Он остановился как вкопанный в тени деревьев и с ужасом наблюдал за происходящим. Преследователь сокращал расстояние до своей добычи. Но первый лыжник еще увеличил скорость, подгоняемый нечеловеческой силой отчаяния, и расстояние между ними снова увеличилось. Один за другим они прочерчивали свой зигзагообразный путь на белом склоне горы, рисуя на нем мрачный узор смерти и безнадежности с точностью и грацией балетных танцоров, исполняющих последний акт драмы зла на неуместно-прекрасном фоне сверкающего снега и слепящего солнечного света. Лишь горные вершины, бесстрастные и неумолимые, словно фурии мщения, соответствовали высокому и ужасному духу этой гонки, ставкой в которой была сама жизнь.

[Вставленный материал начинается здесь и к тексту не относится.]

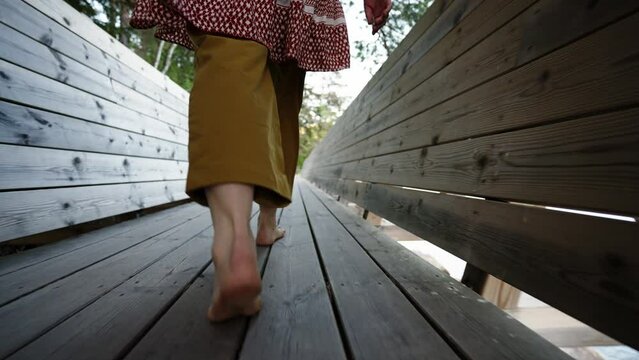 travel woman walks barefoot on a long sea bridge at a summer sunset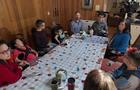 Five adults and four children, three of whom are in wheelchairs, sit around a kitchen table.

Медленно, но неотвратимо охотник снова настигал свою добычу. Когда они почти сравнялись, тот, что ехал первым, вдруг, без всякой подготовки, совершил эффектный поворот в прыжке, полностью изменив направление и устремившись под укрытие густого леса в стороне от трассы, ведущей в Имменфельд. Преследователь, застигнутый врасплох, попытался направиться за ним, но потерял равновесие и упал. Секунду-другую не было видно ничего, кроме беспомощного размахивания палками, между тем как торжествующая добыча стрелой летела к лесу. Второй лыжник снова вскочил на ноги, но, судя по всему, шанс перехватить преследуемого был упущен.

Именно в этот момент Генри и остальные наблюдатели увидели то, что будет всплывать у них в памяти до конца жизни. Преследующий, перестав катиться по следу своей добычи, полетел по опасному склону вниз, будто черная шаровая молния. Душераздирающий треск раздался в момент столкновения, и все сплелось воедино — лыжи, палки и тела. Катясь по склону, мужчины, казалось, продолжали бороться, а потом оба вмиг исчезли.

Спецци остановился. Генри, дотащившись до него, встал рядом. Заметив, что трое лыжников, все это время неподвижно следивших за погоней, начали медленно спускаться, капитан отрывисто скомандовал карабинеру:

— Велите им оставаться на месте!

— Пойдемте, — обратился он к инспектору и повел его к месту, где исчезли те двое. Следуя позади него, Генри увидел, что Спецци снова остановился и смотрит куда-то вниз.

— Осторожно! — предупредил капитан.

Тиббет робко подошел ближе и оцепенел от ужаса: то, что издали представлялось длинным сугробом нанесенного снега, на самом деле оказалось краем глубокой расселины, открывавшейся прямо у его ног.

— Барон? — спросил он.

— Боюсь, что да, — ответил Спецци.

Генри опасливо шагнул вперед, встал рядом с капитаном и заглянул вниз. На дне расселины в пятидесяти футах под ними лежали два тела, изломанные и неподвижные. Высокая худая фигура барона — орлиным лицом вниз, а рядом, на спине, в гротескно вывернутой позе, но каким-то чудом с совершенно не поврежденным лицом — Пьетро Веспи.